How to save a huge structured array in Python?

I have an array in the following format (modified to fit here):

array([(0.358174, -0.508718, 2728, 0.103, 23.255, 22.633, 22.459, 21.911, 21.211, 0.487, 0.126, 0.145, 0.129, 0.264, 23.028, 22.621, 22.563, 22.039, 21.24 , 0.378, 0.164, 0.14 , 0.125, 0.248, 3, 1),
...,
(3.881584, -0.209449, 5052, 0.075, 22.778, 22.741, 22.187, 21.901, 21.29 , 0.308, 0.128, 0.124, 0.148, 0.345, 22.801, 22.859, 22.291, 22.047, 21.441, 0.285, 0.141, 0.119, 1.056, 0.323, 3, 0)],
dtype=[('ra', '<f8'), ('dec', '<f8'), ('run', '<i2'), ('rExtSFD', '<f8'), ('uRaw', '<f8'), ('gRaw', '<f8'), ('rRaw', '<f8'), ('iRaw', '<f8'), ('zRaw', '<f8'), ('uErr', '<f8'), ('gErr', '<f8'), ('rErr', '<f8'), ('iErr', '<f8'), ('zErr', '<f8'), ('uRawPSF', '<f8'), ('gRawPSF', '<f8'), ('rRawPSF', '<f8'), ('iRawPSF', '<f8'), ('zRawPSF', '<f8'), ('upsfErr', '<f8'), ('gpsfErr', '<f8'), ('rpsfErr', '<f8'), ('ipsfErr', '<f8'), ('zpsfErr', '<f8'), ('type', '<i2'), ('ISOLATED', '<i4')])

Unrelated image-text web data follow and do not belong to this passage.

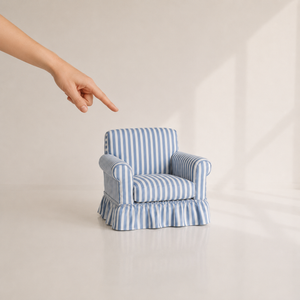 Blue striped 1:6 miniature skirted armchair shown beside a hand for scale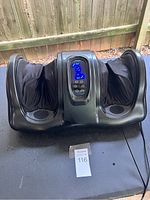 Front view of black electric foot massager showing fabric foot sleeves and central control panel.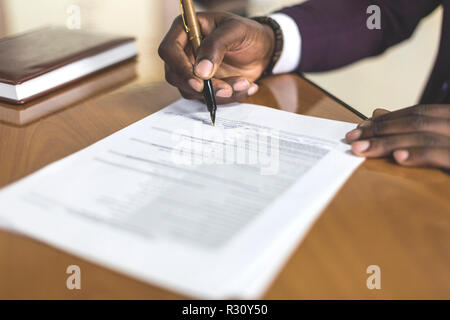 African american man signing contract, black man hand putting signature on official document, biracial clients customers couple make purchase or sign  Stock Photo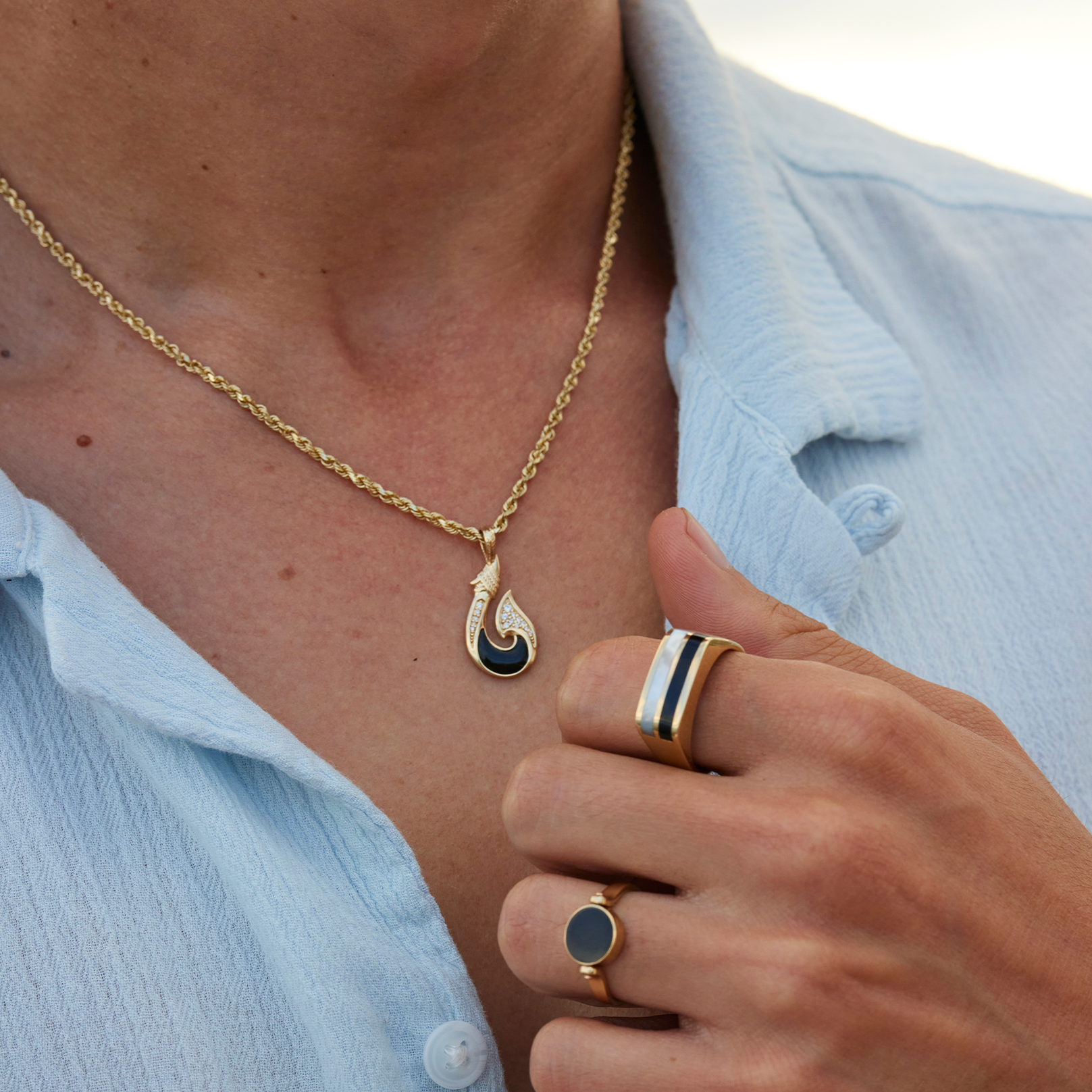 2.5mm Rope Chain in 14k Yellow Gold with hook pendant on man's chest
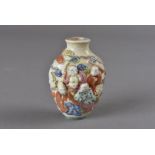 A Chinese porcelain snuff bottles, with relief 'Hundred Boys' decoration, seal marks to the base 7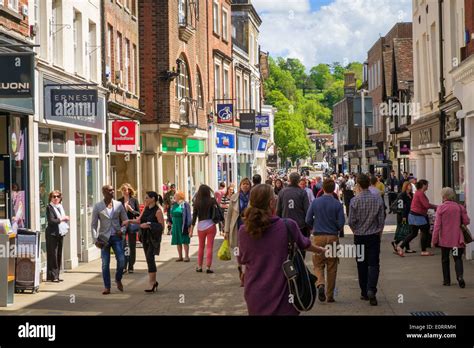 Busy Shopping Street Uk With Shops In Winchester Hampshire Stock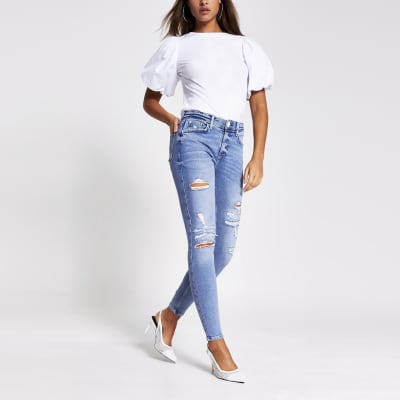 Blue ripped Amelie mid rise skinny jeans | River Island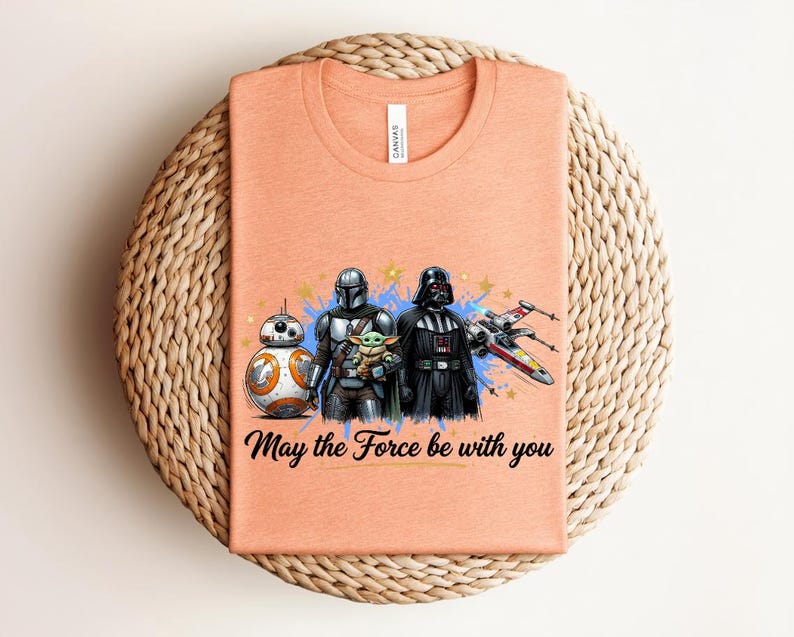 Pode incluir: Uma t-shirt cor de p&ecirc;ssego com uma impress&atilde;o gr&aacute;fica de BB-8, o Mandaloriano, Grogu e Darth Vader ao lado de um ca&ccedil;a estelar X-wing. O texto "May the Force be with you" est&aacute; impresso em letra cursiva preta abaixo das personagens.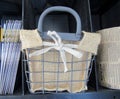 Metal basket with burlap liner on shelf.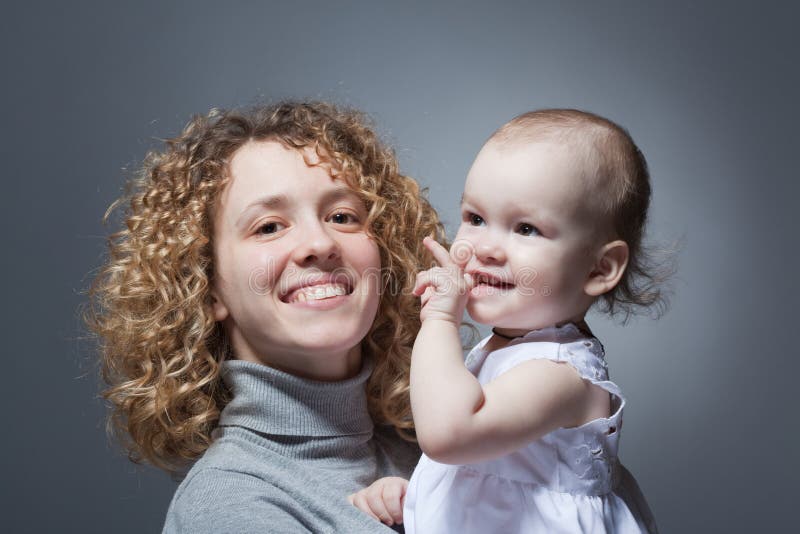 Happy mother holding cute smiling baby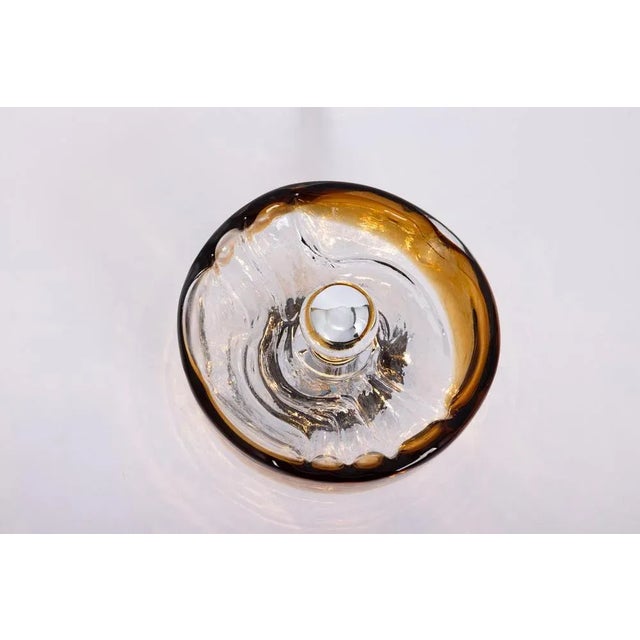 A wonderful round murano glass flush mount or wall light manufactured by kaiser leuchten in germany 1970s. Thickly murano...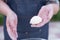 Old female wearing blue apron holding dough, rolling buns, showing, dusting with flour.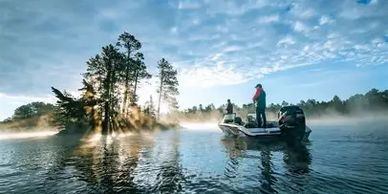 Fisherman on a boat during misty sunrise on a lake near trees.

I want to find a way to save this array in a txt file so that when I return data.dtype.names[:5], for example (reloading the file), I can get ('ra', 'dec', 'run', 'rExtSFD', 'uRaw').

However, all the attempts I've made so far (using np.savetxt, for example, and setting fmt='%f...' for all dtypes) haven't worked. I don't want to resort to Pandas. Does anyone have a suggestion?

Solution

Here's a small example:

In [124]: dt = np.dtype([('x','f'),('y','i')])    
In [125]: dt
Out[125]: dtype([('x', '<f4'), ('y', '<i4')])    
In [126]: arr = np.array([(1,2),(3,4),(5,6)],dt)    
In [127]: arr
Out[127]: array([(1., 2), (3., 4), (5., 6)], dtype=[('x', '<f4'), ('y', '<i4')])

Save the array, and show the resulting file:

In [131]: np.savetxt('test.txt',arr, fmt='%f, %d',header='x, y',comments='')

In [132]: !more test.txt
x, y
1.000000, 2
3.000000, 4
5.000000, 6

This can be loaded with:

In [133]: data = np.genfromtxt('test.txt',delimiter=',',dtype=None, names=True)    
In [134]: data
Out[134]: array([(1., 2), (3., 4), (5., 6)], dtype=[('x', '<f8'), ('y', '<i4')])

savetxt just iterates through arr, and writes fmt%tuple(row) to the file. The array dtype is not used for this.

header could be derived from arr.dtype.names. I explicitly turned off the default comment character.

genfromtxt reads the text file; dtype=None tells it to deduce column dtypes. names=True tells it to take the dtype names from the header.

Without the header, or just ignoring it, we can use the dtype directly:

In [136]: np.genfromtxt('test.txt',delimiter=',',dtype=dt, skip_header=1)
Out[136]: array([(1., 2), (3., 4), (5., 6)], dtype=[('x', '<f4'), ('y', '<i4')])

Note, the csv file itself does not directly have dtype information; it has to be inferred, or you have to know it before hand.